Return all lines from the entries below in which the word "Color" is present.

▶ [Record set]
====================

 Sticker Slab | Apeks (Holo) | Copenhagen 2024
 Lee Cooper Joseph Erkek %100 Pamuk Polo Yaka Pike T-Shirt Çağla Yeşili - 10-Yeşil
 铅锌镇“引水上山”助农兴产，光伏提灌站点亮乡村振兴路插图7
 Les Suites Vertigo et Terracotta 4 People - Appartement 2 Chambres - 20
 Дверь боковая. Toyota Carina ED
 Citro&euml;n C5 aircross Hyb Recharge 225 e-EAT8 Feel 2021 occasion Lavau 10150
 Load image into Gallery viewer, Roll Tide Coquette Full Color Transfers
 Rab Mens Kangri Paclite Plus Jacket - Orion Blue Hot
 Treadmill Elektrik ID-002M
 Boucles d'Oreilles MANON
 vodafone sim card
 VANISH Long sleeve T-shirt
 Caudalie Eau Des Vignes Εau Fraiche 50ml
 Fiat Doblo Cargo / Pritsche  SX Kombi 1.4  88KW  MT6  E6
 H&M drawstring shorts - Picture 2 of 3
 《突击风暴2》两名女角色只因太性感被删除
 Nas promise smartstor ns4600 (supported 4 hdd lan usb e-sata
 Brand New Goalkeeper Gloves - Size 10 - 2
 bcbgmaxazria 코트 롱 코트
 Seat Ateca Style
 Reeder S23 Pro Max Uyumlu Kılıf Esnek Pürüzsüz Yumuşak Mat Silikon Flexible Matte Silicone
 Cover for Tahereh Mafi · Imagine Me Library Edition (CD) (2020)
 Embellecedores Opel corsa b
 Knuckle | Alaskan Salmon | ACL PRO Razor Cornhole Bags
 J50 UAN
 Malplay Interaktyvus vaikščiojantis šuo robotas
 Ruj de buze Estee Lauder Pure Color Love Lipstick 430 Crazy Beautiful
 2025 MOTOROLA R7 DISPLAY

====================

▶ [Response to the task]
 Load image into Gallery viewer, Roll Tide Coquette Full Color Transfers
 Ruj de buze Estee Lauder Pure Color Love Lipstick 430 Crazy Beautiful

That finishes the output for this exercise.